# Find $\sum_{k=1}^{2n} k {2n\choose k}^2 (-1)^{k+1}$. [duplicate]

I need to find $$S = {2n\choose 1}^2 -2 {2n\choose 2}^2 + ... - 2n{2n\choose 2n}^2= \sum_{k=1}^{2n} k {2n\choose k}^2 (-1)^{k+1}$$, given $$\sum_{k=1}^{2n} k {2n\choose k} x^{k-1} = 2n(1+ x)^{2n -1}$$

Using $$-(1-x)^{2n} + 1 = \sum_{k=1}^{2n} {2n \choose k} (-1)^{k+1} x^k$$,

$$(1- (1-x)^{2n}) (2n (1+x)^{2n-1}) = \sum_{k=1}^{4n}x^k\sum_{r=0}^k {2n\choose r} (-1)^{r+1} (k - r) {2n \choose k-r}$$

LHS = $$2n ( (1+x)^{2n - 1} - (1-x)(1-x^2)^{2n-1}) = 2n((1+x)^{2n - 1} - (1-x^2)^{2n-1} + x(1-x^2)^{2n -1})$$

So coefficient of $$x^{2n}$$ on the LHS is $$-2n{2n - 1\choose n} (-1)^n = -n{2n \choose n} (-1)^n$$

Coefficient of $$x^{2n}$$ on the RHS,

$$2n \sum_{r=0}^{2n} {2n\choose r}^2 (-1)^{r+1} - S = - 2n{2n \choose n}(-1)^n - S$$

Equating the coefficient of both sides gives $$S = -n{2n \choose n} (-1)^n$$.

I would like to know different methods for doing this and similar problems as the method I used is cumbersome and prone to miscalculation.

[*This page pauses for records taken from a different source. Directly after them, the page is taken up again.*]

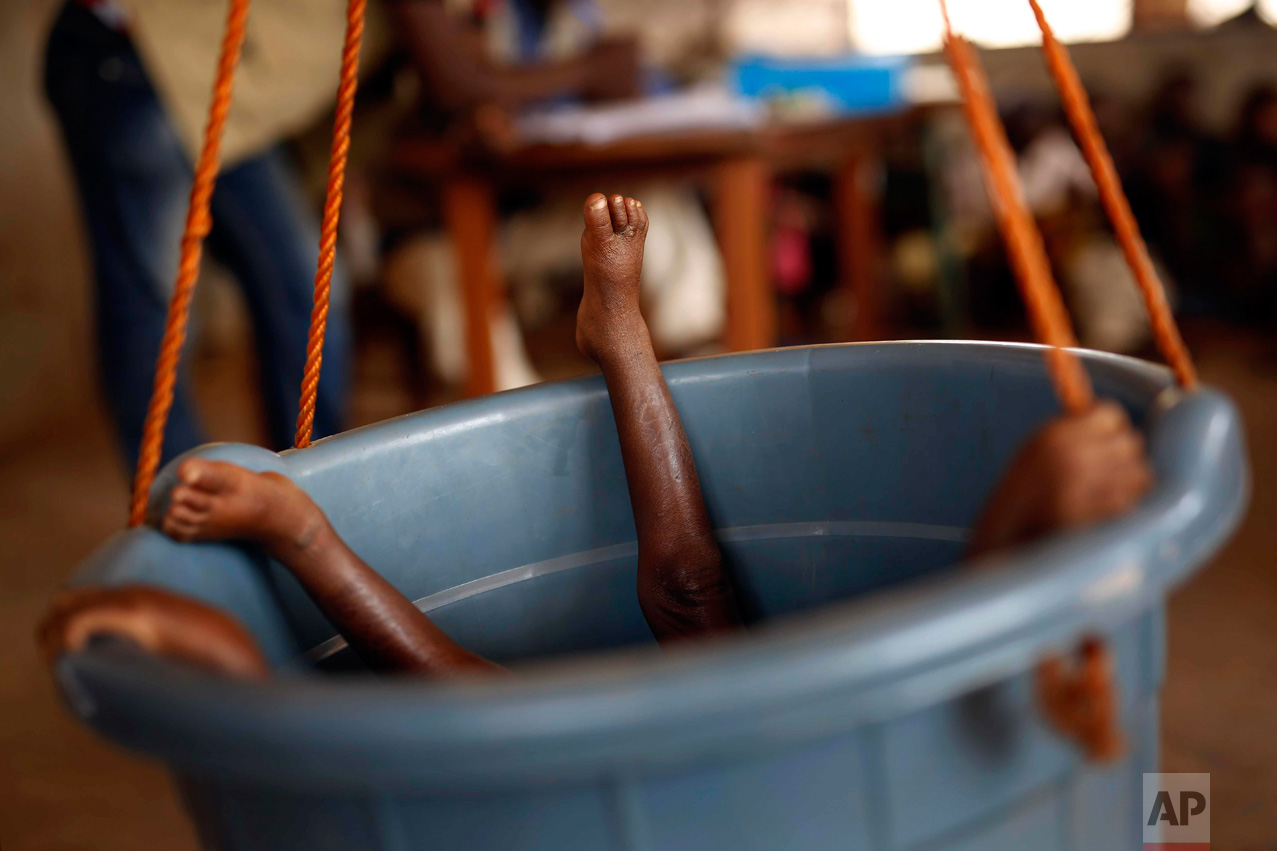  In this Thursday Feb. 11, 2016 photo, a young child lies in a bucket to be weighed by nurses in Bangui, Central African Republic. The U.N. World Food Program estimates that nearly half the country - 2.5 million people - are facing hunger as more tha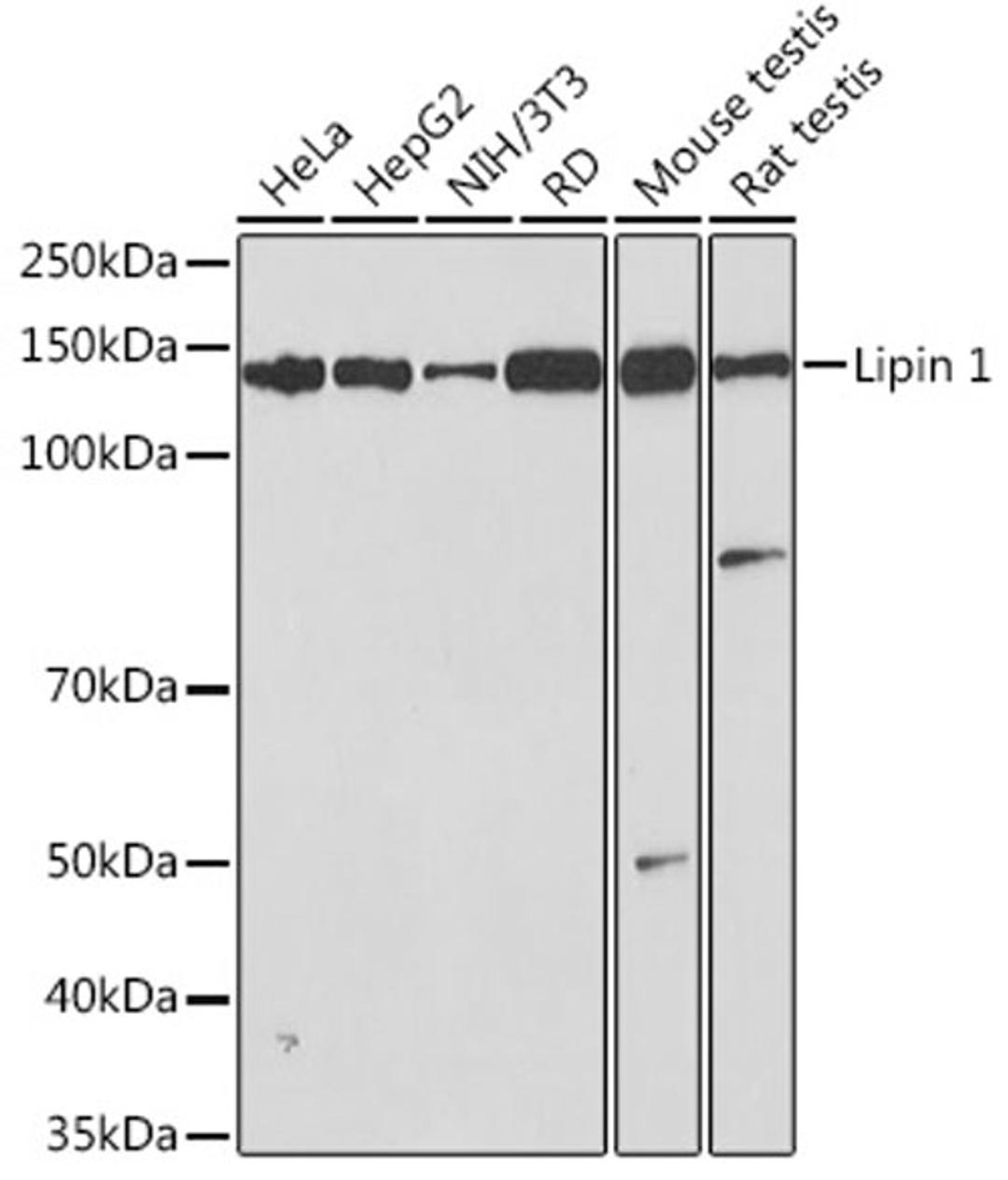 Western blot - Lipin 1 Rabbit mAb (A3326)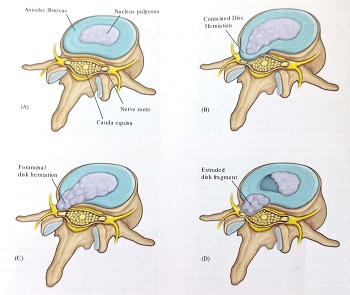 مراحل فتق دیسک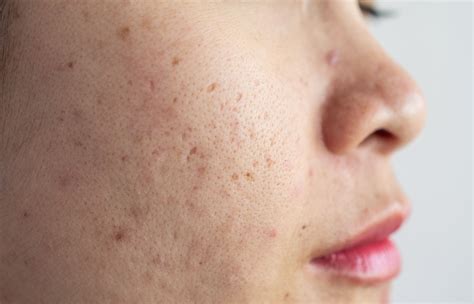how to get rid of pitted acne scars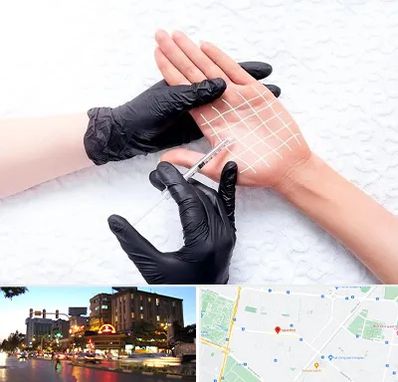 تزریق بوتاکس کف دست در بلوار سجاد مشهد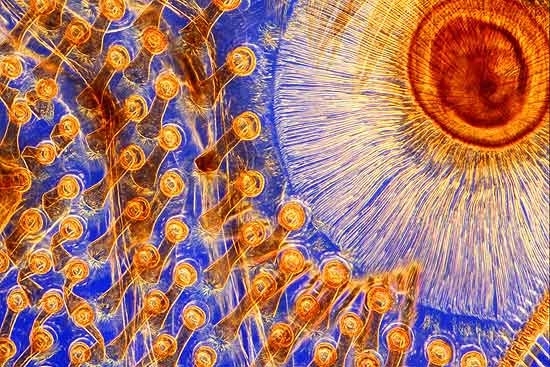 Concurso Wellcome Image Awards premia imagens feitas por mdicos e cientistas; na foto, perna de um besouro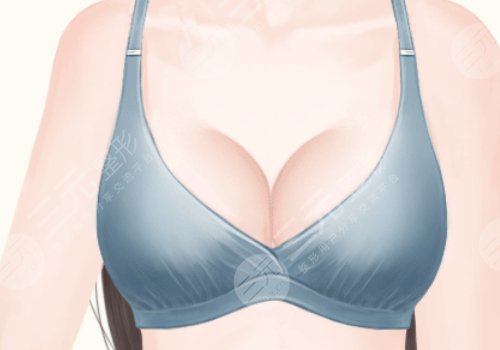 上海九醫(yī)院徐華和王濤乳房再造哪個好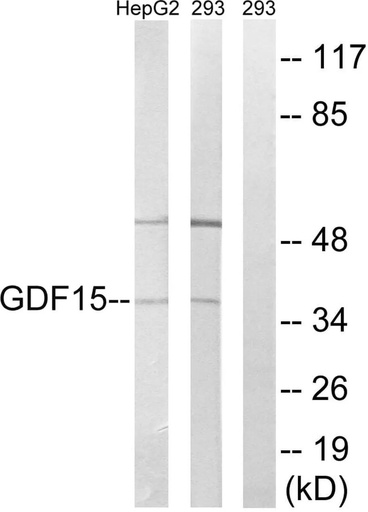 Antibodie to-GDF15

• You have a sign error somewhere, the answer should be $(-1)^n n{2n\choose n}$. May 1, 2019 at 21:00
• @Jean-ClaudeArbaut For $n=2$ I got the sum as $-12 = - 2 {4 \choose 2} (-1)^{2}$. It should be $+12$ if I had a sign error. May 1, 2019 at 21:55
• Ah, understood. I got the formula from the title, but it's not the same as in the question. So there was indeed a sign error, in the title. May 1, 2019 at 22:07
• Your question is a special case of the one I linked. In the linked question, set $k\gets 2n$ and $n\gets 2n$ to recover (the negation of) your sum. May 1, 2019 at 23:21

$$[x^n]:f(x)$$ denote the coefficient of $$x^n$$ in the function $$f(x)$$ $$\begin{eqnarray*} \binom{2n}{k} =\binom{2n}{2n-k}=[x^{2n-k}]: (1+x)^{2n}=[x^{2n}]:x^k(1+x)^{2n}. \end{eqnarray*}$$ So your sum can be written as $$\begin{eqnarray*} \sum_{k=1}^{2n} k \binom{2n}{k}^2 (-1)^{k+1} &=& [x^{2n}]: (1+x)^{2n} \sum_{k=1}^{2n} k \binom{2n}{k} (-1)^{k}x^k \\ &=& [x^{2n}]:2n x (1-x)^{2n-1} (1+x)^{2n} \\ &=& [x^{2n}]:2n x(1+x) (1-x^{2})^{2n-1} . \end{eqnarray*}$$ We only need to consider the even powers of $$x$$, so let $$y=x^2$$ and we have $$\begin{eqnarray*} \sum_{k=1}^{2n} k \binom{2n}{k}^2 (-1)^{k} &=& [y^n]: 2n y (1-y)^{2n-1} =2n \binom{2n-1}{n-1} (-1)^{n-1}. \end{eqnarray*}$$ So your answer is correct.